King Diary

秩父で今日も季節を感じながら珈琲豆を焼いている

セントオブウーマン的週末の出来事

2019年03月18日 12時20分36秒 | 珈琲

ローカル路線バスの旅Zは二回連続失敗しているので、今回失敗すると

番組降番をかけて挑む野島崎灯台から大内宿ということで、私が今年見のがした

あの大内宿に行くのかとこともあり、興味深く見ました。

 

印象としては肝心のドラマ性とか人々との出会いやふれあいという番組が本来

持ち味としていたものがこのコンビになりやはり失われているなあという

残念なものです。

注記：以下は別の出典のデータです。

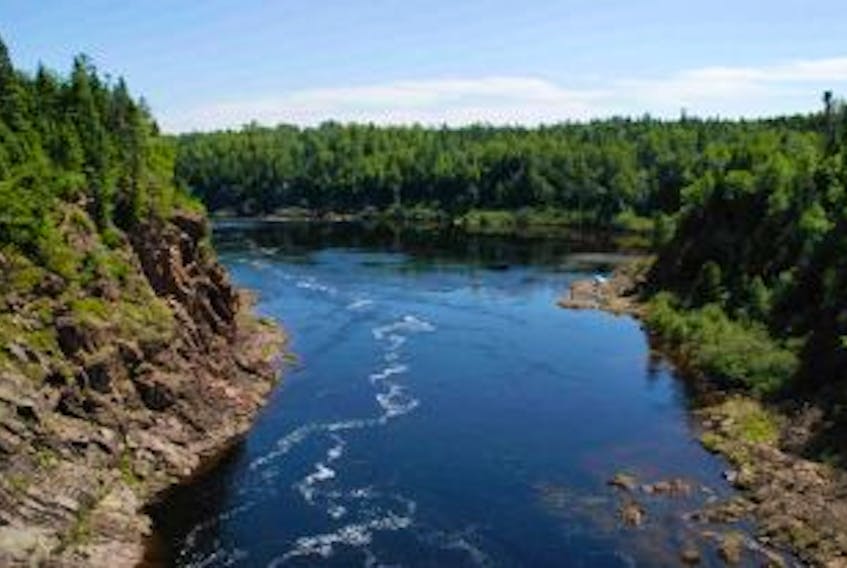 ['Vast and beautiful, the Exploits River has been a popular location for salmon anglers for decades. But this year’s abnormally high temperatures have been causing problems for the cold-water Atlantic salmon that inhabit it’s waters.']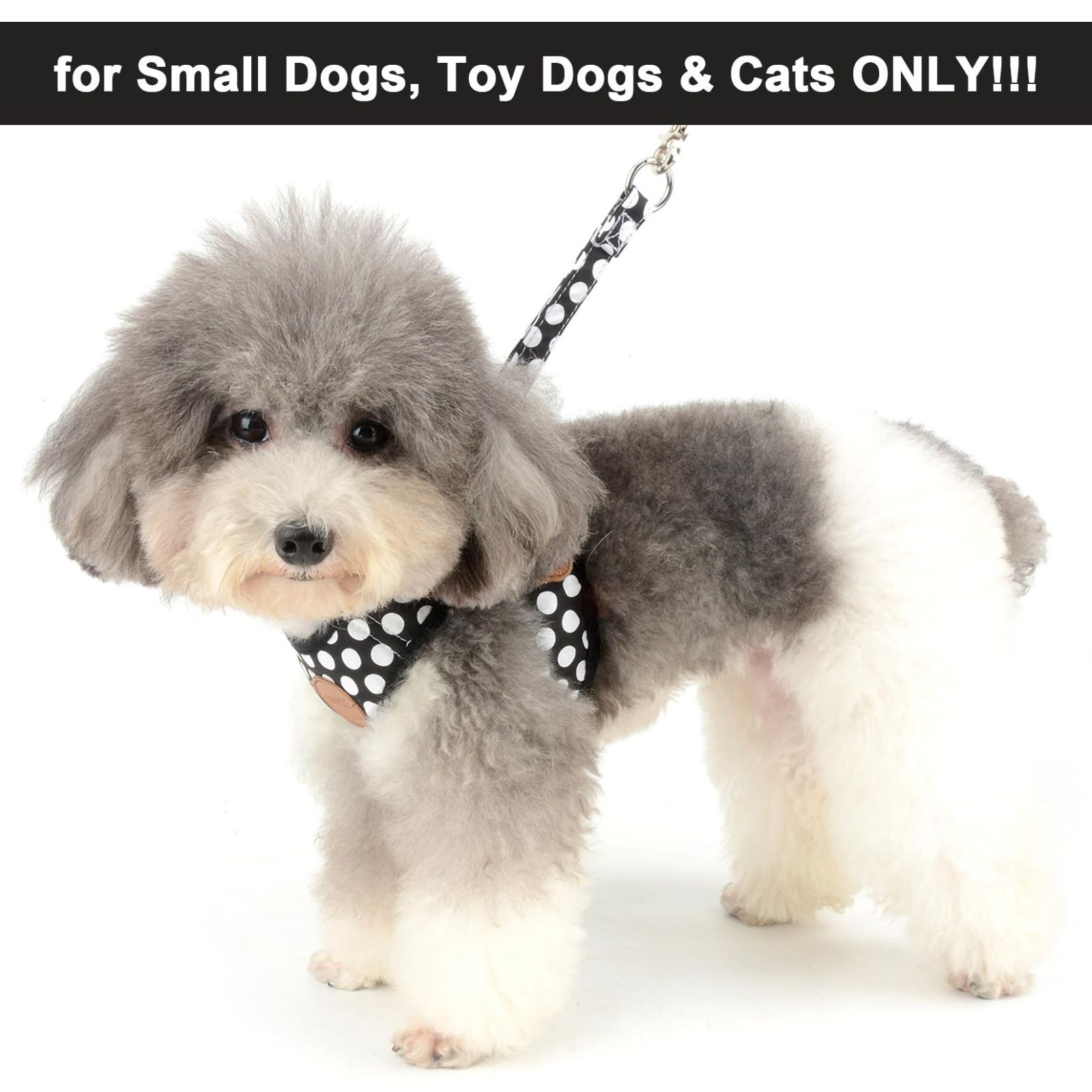 小型犬用 リード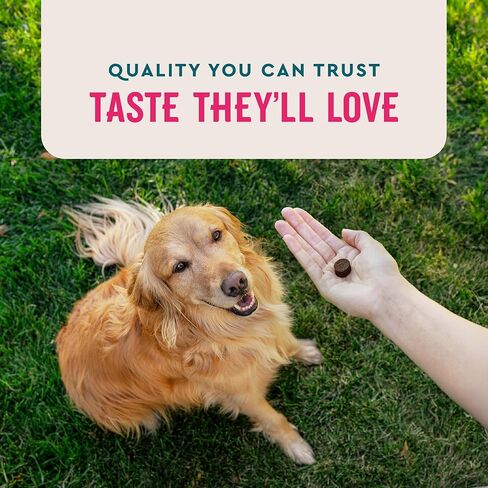 VetIQ Multivitamin Supplement for Dogs, Supports Active Brain Function, Immune System, and Digestive System, Hickory Smoke Flavored Dog Multivitamin, Made in The USA, 60 Count in Kuwait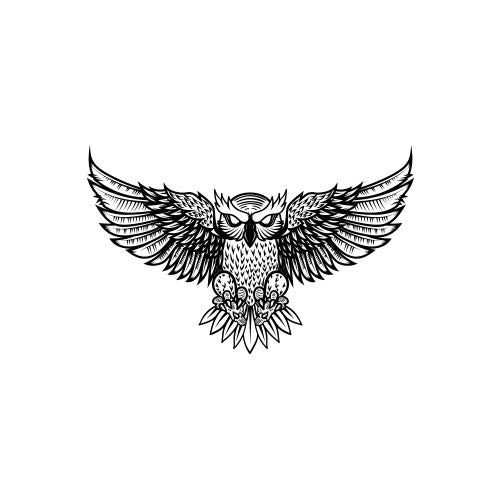 Hoot - Image 3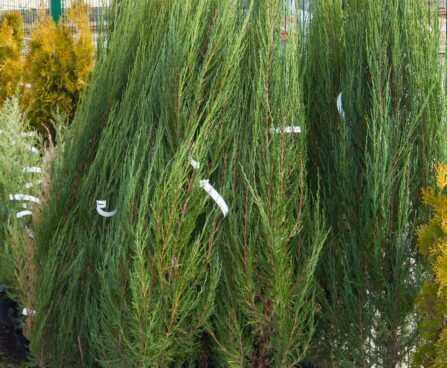 162_8044_Juniperus_scopulorum_Skyrocket.JPG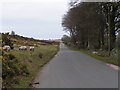 On the edge of the moor, south of North Brentor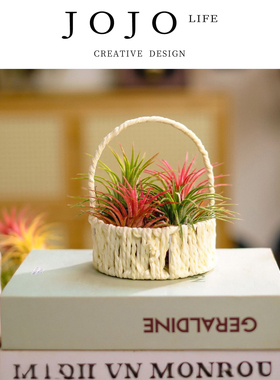 JOJO'S L. PD.Deaf.空气凤梨新手福利红黄绿精灵无土植物  | 聋萧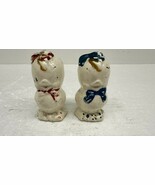 American Bisque Chicks Salt &amp; Pepper Shakers Ducks Painted Vintage - €9,37 EUR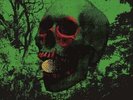 John Dwyer - Witch Egg LP NEW Oh Sees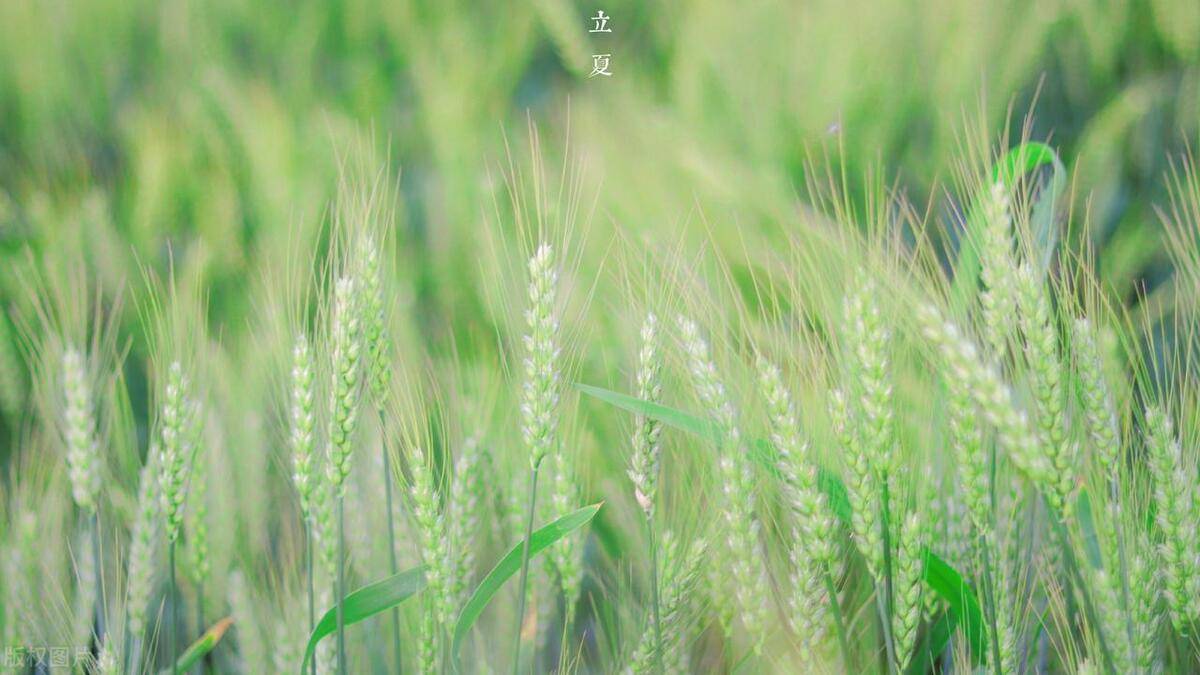 中国传统文化|立夏的民间习俗,养生知多少?立夏的由来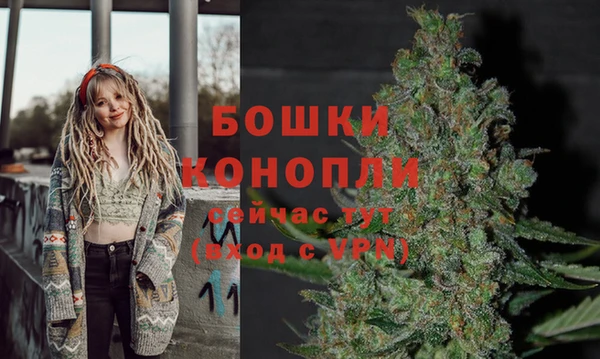 a pvp Богданович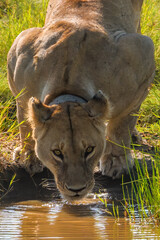 Close up of lion drinking from the Serengeti watering hole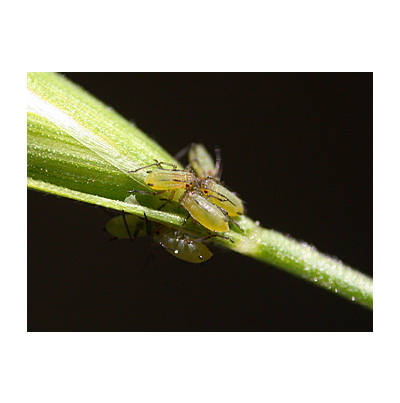 보리수염진딧물 무시 성충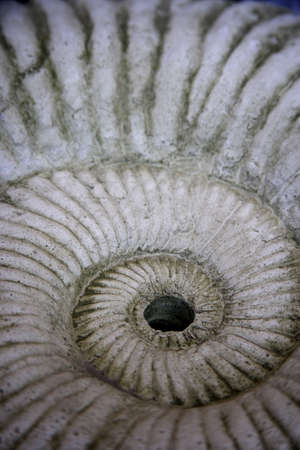 fossil detail at the jurassic coast in englandの写真素材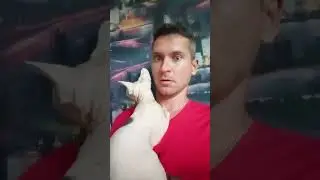 My sphynx 🐱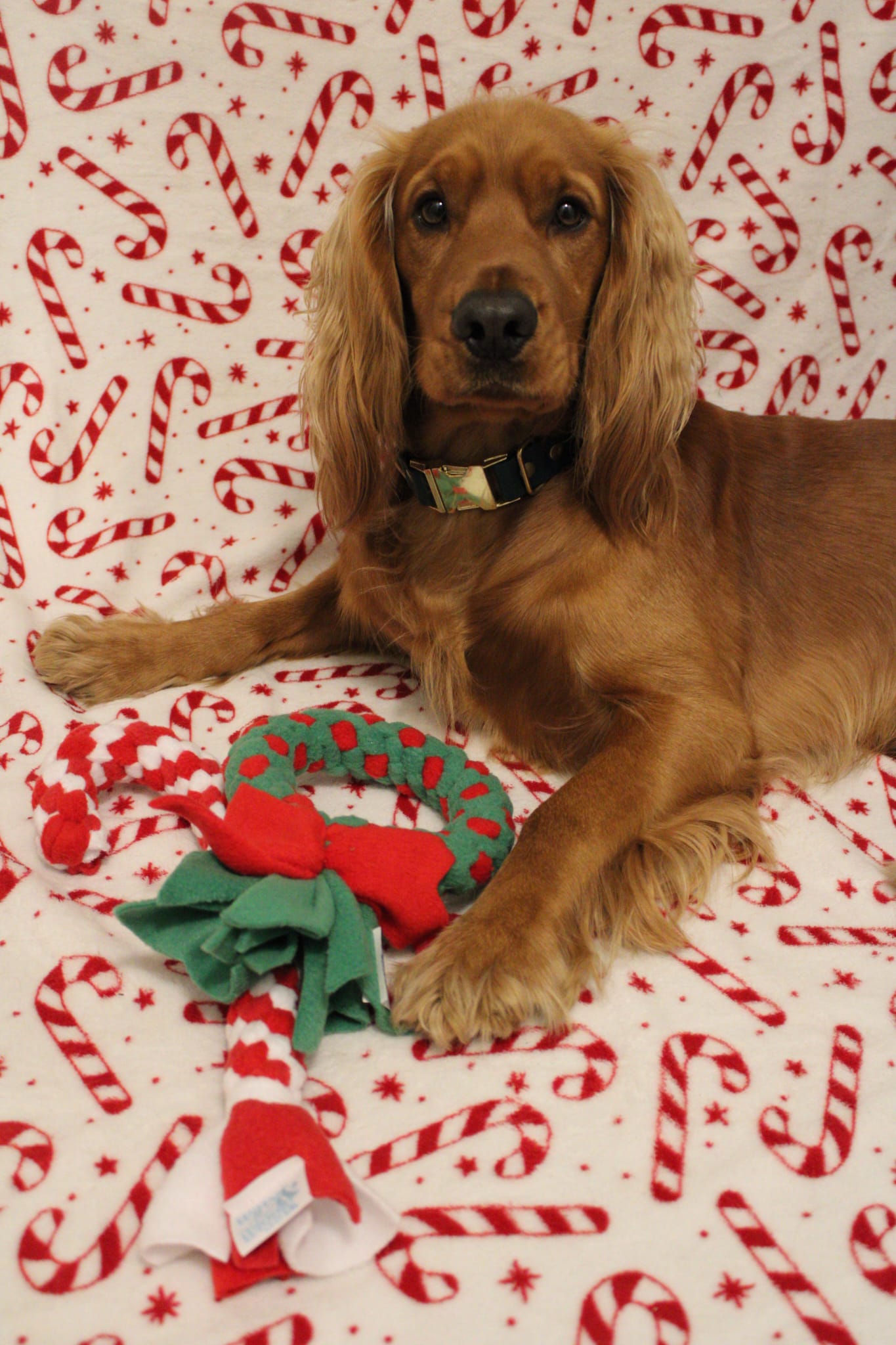 Wreath tug toy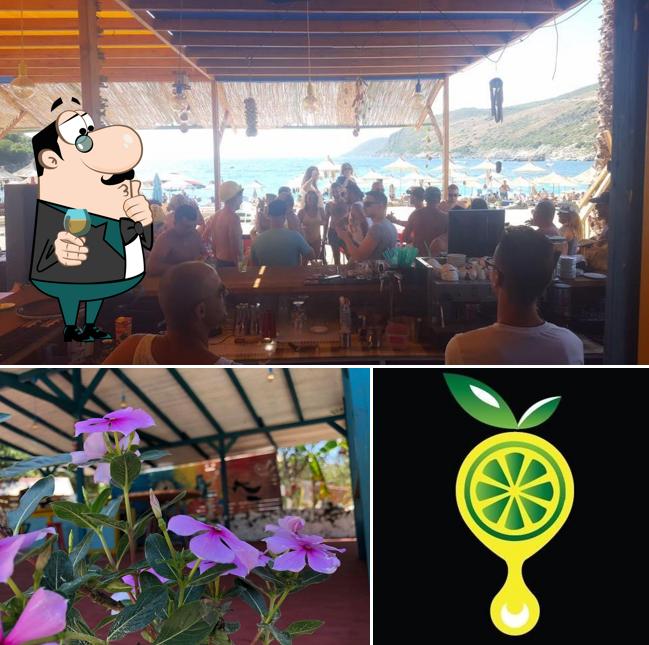 Lemon at the Beach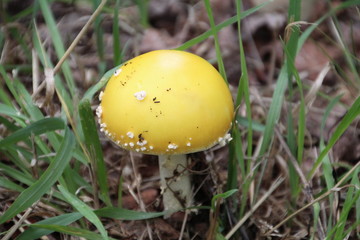 Wild Mushroom, Whitemud Park, Edmonton, Alberta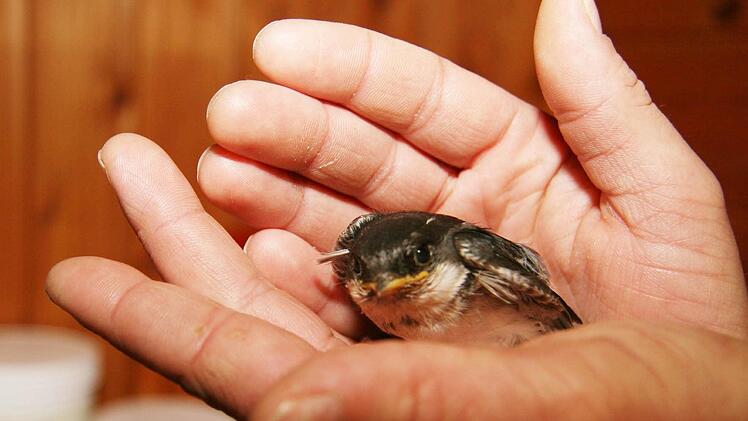 Die Schwälbchen waren noch ziemlich klein, als sie von Sabine Witt aufgepäppelt worden sind. Sie werden mit Insekten versorgt. Foto: Sonja Adam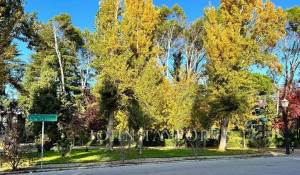 Venda Terreno construtível Madrid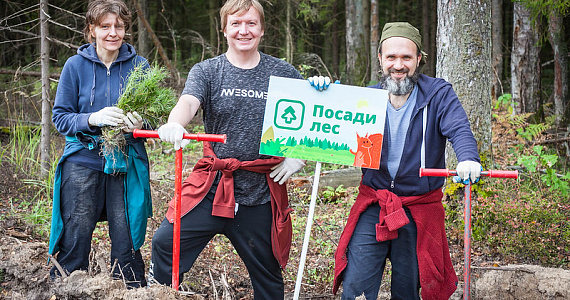 4,5 миллиона новых деревьев: проект «Посади лес» отмечает 10-летний юбилей
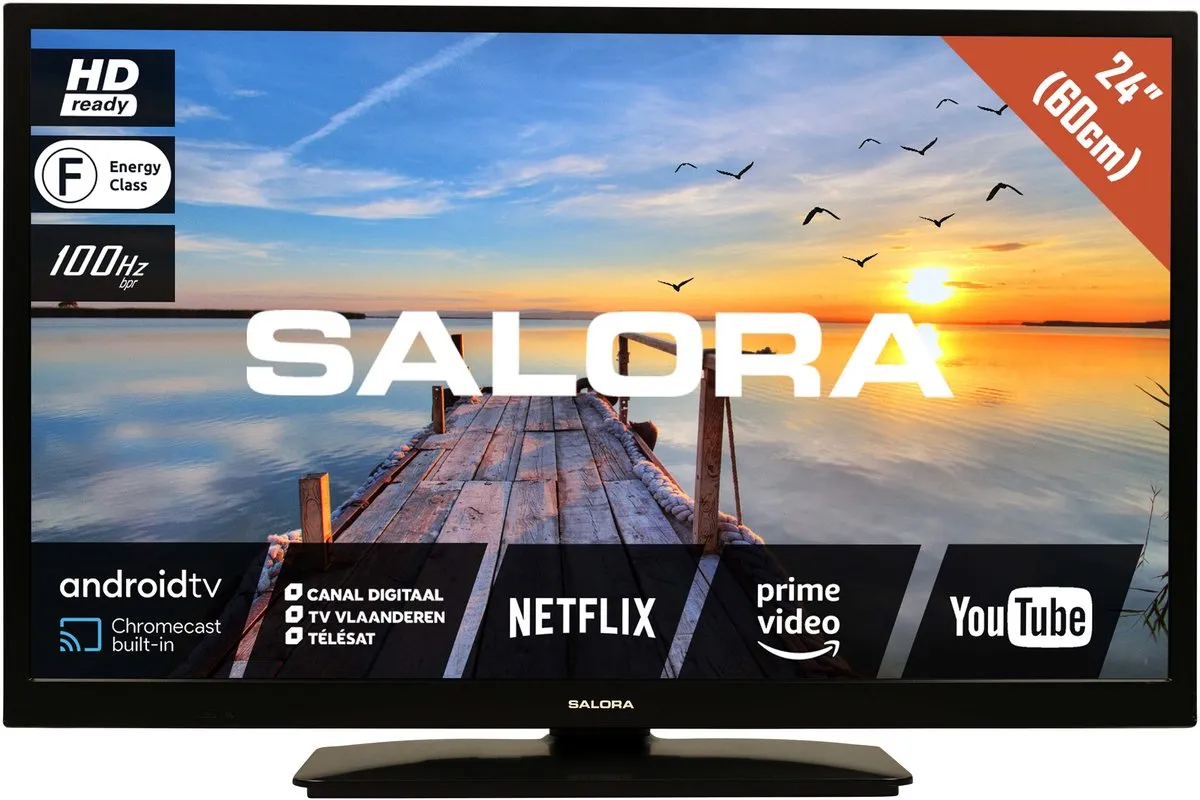 Salora MOBILE24TV 24 Inch Smart TV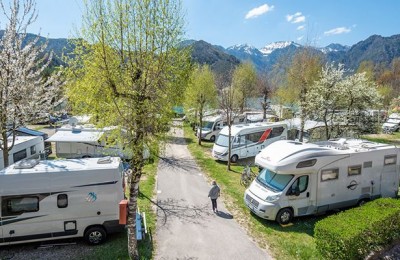 Al Camping Al Sole arriva un dinosauro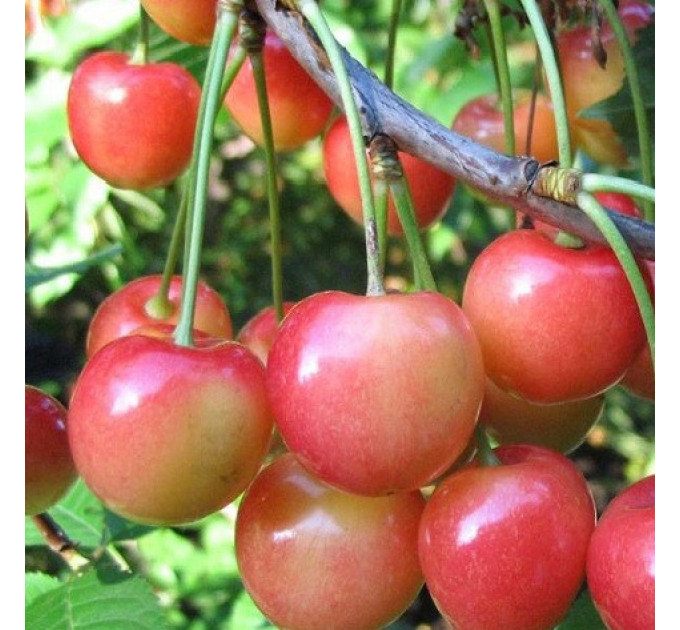 Саженцы черешни ранней сорт Приусадебная, подвой магалепка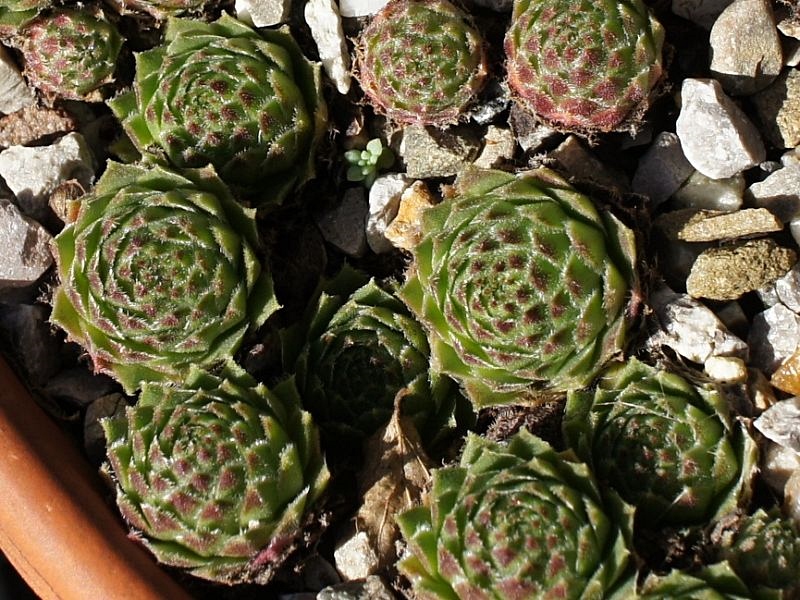 dolomiticum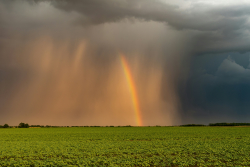 What Is a Rain Bomb?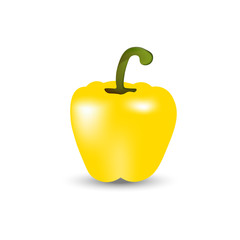 Realistic yellow pepper vector illustration on white background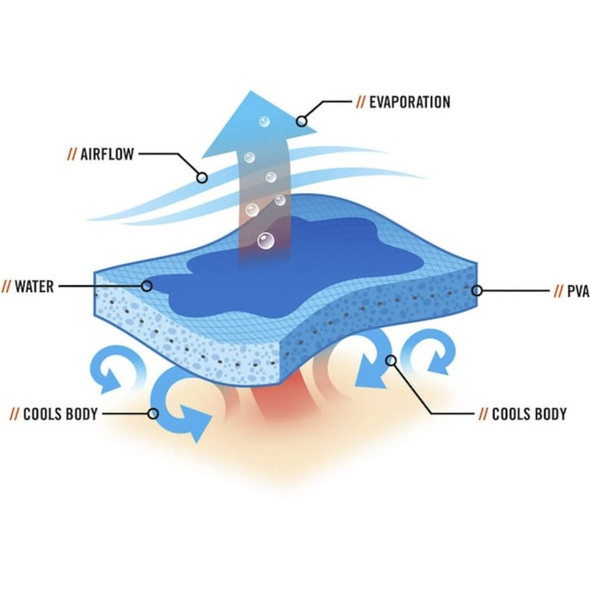 Ergodyne Bandana, Black-White, Skulls, Hook-and-Loop 6705CT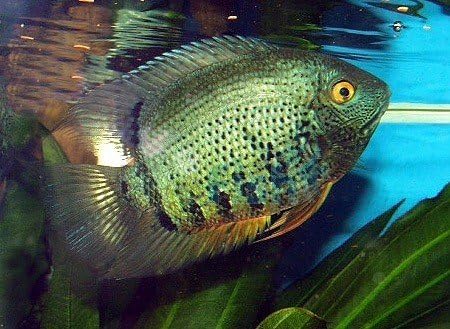 green severum care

食事したり一日が終わり最後の食事の際にはその日の進んだ距離を

地図で見せて乾杯するお決まりのシーンなど太川や蛭子のキャラが光るところですが

今の田中、羽田にはそれをほうふつとさせる名シーンという再現ができておらず、

番組ファンとしては矢鱈と失望の念が浮びネットでの評も芳しくないのです。

 

しかし、これを放置して続けている意味としてはこのテレビ局は様々な旅番組をやって

おり、ない物ねだりでみてしまうという効果を狙っているのかとかんぐってしまいます。

さて、問題はこの旅番組ではなく、BSでやった古い映画『セントオブウーマン』です。

これは何度か見ていて、偏屈な盲目の退役軍人とアルバイトでその面倒を見る名門校に入った

公費支給の苦学生という到底面白い展開など望めない設定から最後は名場面として残る演説で

苦境を脱するという見終わってほんわりした気分になれる映画なのです。

 

アクションもハイテクもビジュアルエフェクトもないという俳優の演技力が問われる設定で

そのセリフ回しや独特の台詞でその場を仕切り自分のペースにしてしまう圧巻の演技には

現代の映画では見られないものがあり、なんでこんなに心に残るのかと見終わってからも

ずっと考えてしまいました。

 

who areという掛け声のような一言で人々の注目と関心を集め、挙動や言動には横柄で

いてそれでも憎めない人を取り込む魅力と迫力があり、何でも自分のペースに持って行くと

いうこういう人物は私の周りにもいたのです。

 

そういう人を見てきていたから余計自分も含めて憧れと人と人の交流とかふれあいの根源的な

ものを考えさせられてしまうのです。

こういう純な映画というのは齢をとり酸いも甘いも色々と世の中を見てきてしまうと簡単に

受け入れて楽しめないという経験はあり、今回も20年を経て見返してがっかりして色褪せてみえたら

いやだなあという危惧はあったのですが、それがまるで外れて逆に鮮烈に以前より深く見れた

感じがしたのです。それはセントオブウーマンという題になったものが表すようにアルパチーノの

退役軍人が付けている香水の匂いからその人の人となりから容姿や雰囲気までを言い当てるという

特技のような設定に共感覚のようなイメージも重なり、あの魔界のヴァイオリンの時のような

感じで見られたので余計深く見られたのかもしれません。

 

そもそものテーマは全てに絶望しまっくらだという深い絶望と盲目の闇に対して、学生とのふれあいから

生きてみようと思ったそのお返しに彼の審判の席で演説で窮地を救うという行為は一見学生と元軍人の

友情の様にとらえられテーマとしてその感情の交流と感動のスピーチがその成功とともに見る人をほんわりと

させるのかという解ったようでなんとなく納得しないところに二人を呼び止めた教師の香からフランスの香水と

その名前を言い当てその人となりを言い表して見せるシーンでそういう事かというこの物語の主題のセントオブウーマンと

いう題が付いてるわけも納得がいくという構造になっていてやられたという感じにされるのです。

 

この映画の構造は本当に一杯の珈琲の物語に酷似しており、香りから想像される物語と実際に

一口含んだ時の印象から、一口一口また深まる味とその展開と飲み終わり、上ってくる残り香と

後味に今まで感じていた幸せの感じと最初の印象が蘇る香りの印象と全てが一つで珈琲の物語と

なっていることとこの映画の構造が同じであることに思い至るのです。

 

そして今ならこの味と季節によりその物語を合わせてみるとよりその構造を知るものでなければ

成し得ないものを感じるのでした。